CISA KEV Alert 5/20/2026, 7:35:41 PM

CISA flags decade old IE bug in KEV, orders patch by June 3

CyberSIXT Evidence Panel Source marked as original reporting
Primary Source cisa.gov
CISA KEV Listed in KEV
Patch Patch Available

ON 20 May 2026, the Cybersecurity and Infrastructure Security Agency (CISA) added CVE‑2010‑0249 to its Known Exploited Vulnerabilities (KEV) catalogue. The flaw affects Microsoft Internet Explorer and is identified as the Microsoft Internet Explorer Use‑After‑Free Vulnerability. In brief, Internet Explorer contains an use‑after‑free condition that lets a remote attacker execute arbitrary code by dereferencing a pointer to a freed object.

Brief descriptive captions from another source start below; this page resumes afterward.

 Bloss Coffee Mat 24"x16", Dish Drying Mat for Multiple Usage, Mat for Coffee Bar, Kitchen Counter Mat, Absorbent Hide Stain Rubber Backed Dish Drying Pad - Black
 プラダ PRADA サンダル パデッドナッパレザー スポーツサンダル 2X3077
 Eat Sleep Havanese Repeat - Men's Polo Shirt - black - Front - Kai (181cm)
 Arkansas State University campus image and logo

The vulnerability is a classic use‑after‑free memory corruption issue. Exploitation requires the victim to visit a specially crafted web page or open a malicious document that triggers the flawed code path, leading to remote code execution with the privileges of the current user. The National Vulnerability Database assigns a CVSS v3.1 base score of 8.8, rated HIGH. A security update addressing the issue is available via Microsoft Knowledge Base article KB979352.

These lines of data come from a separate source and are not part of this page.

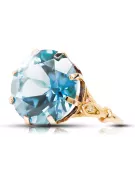 Ring Vintage style Aquamarine Original Vintage 14K Rose Gold vrc073r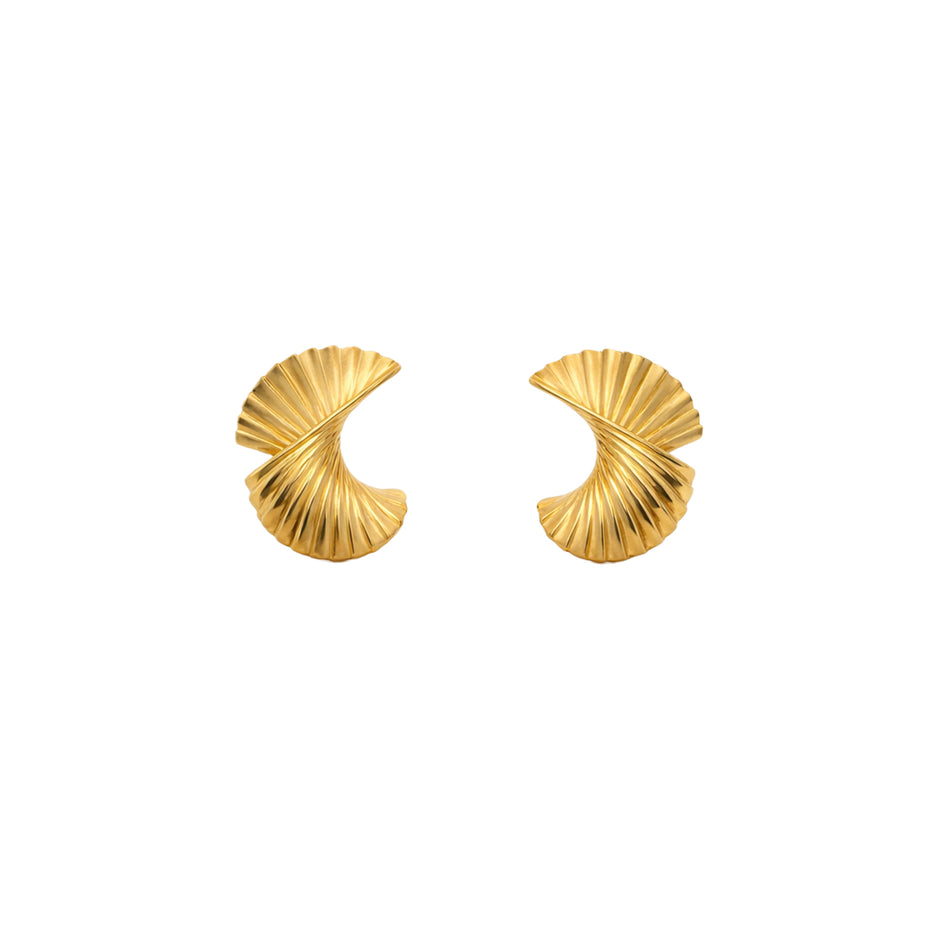 Aurelle Spiral Fan Gold Stud Earrings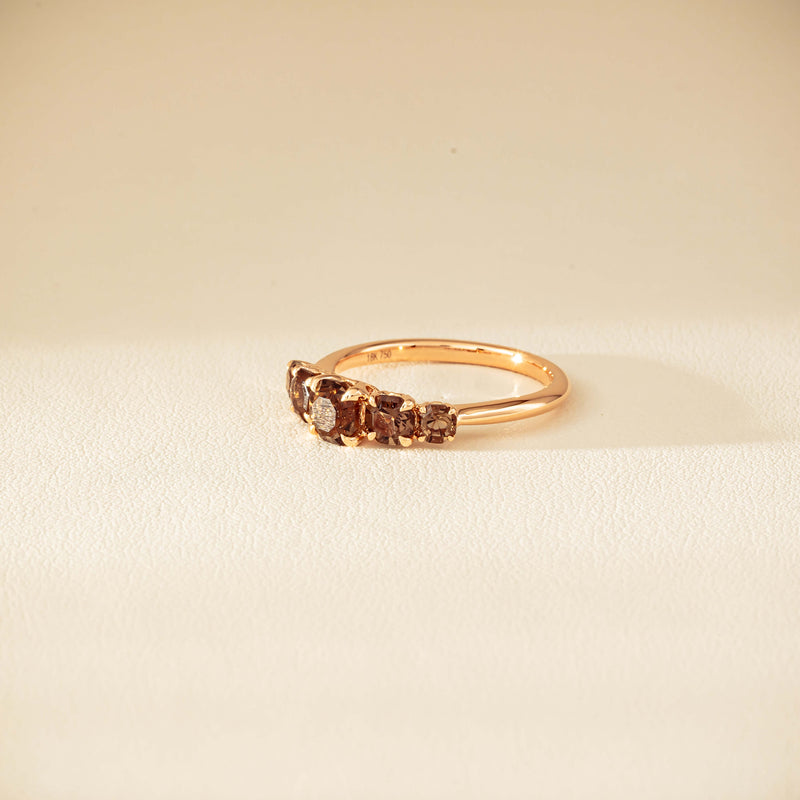 18ct Rose Gold Five-Stone Smoky Quartz Octavia Ring - Ring - Walker & Hall
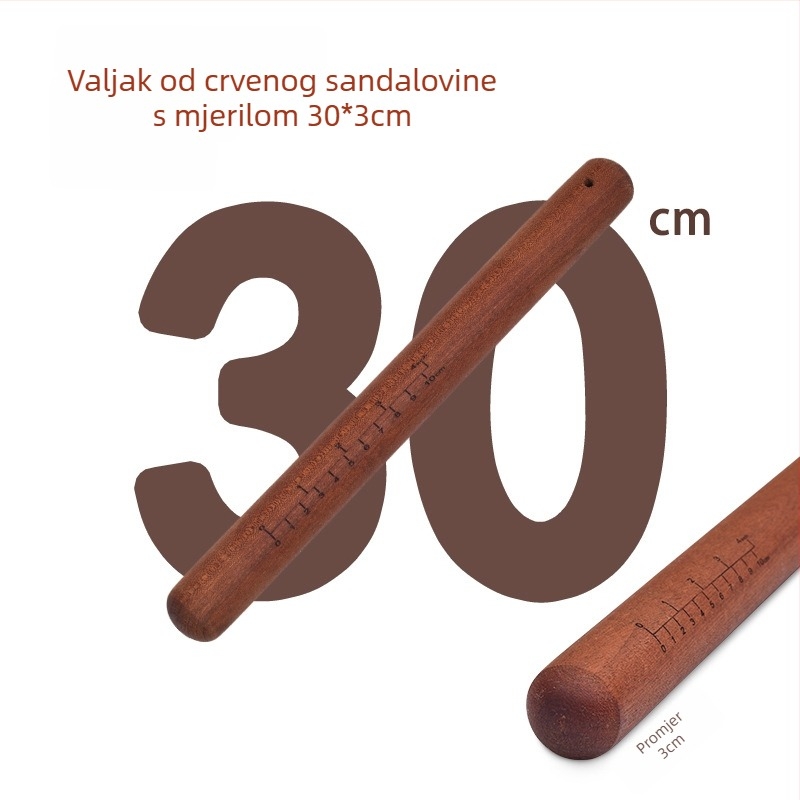Domaći prijenosni valjak za tijesto od ebanovog drveta, nelepiv, velikog formata, s prilagođenim logotipom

CISA’s inclusion of the CVE in the KEV catalogue confirms that the vulnerability is being actively exploited in the wild. No public reports link this flaw to ransomware campaigns at this time. Federal agencies must complete remediation by 3 June 2026, the date CISA has set for the required action.

CISA directs Federal Civilian Executive Branch (FCEB) agencies to apply the mitigations outlined by the vendor, follow the guidance of Binding Operational Directive 22‑01 for cloud services, or discontinue use of Internet Explorer if mitigations cannot be applied. While the directive is mandatory for FCEB organisations, all other entities should review their inventories for Internet Explorer installations and consider applying the patch or retiring the software.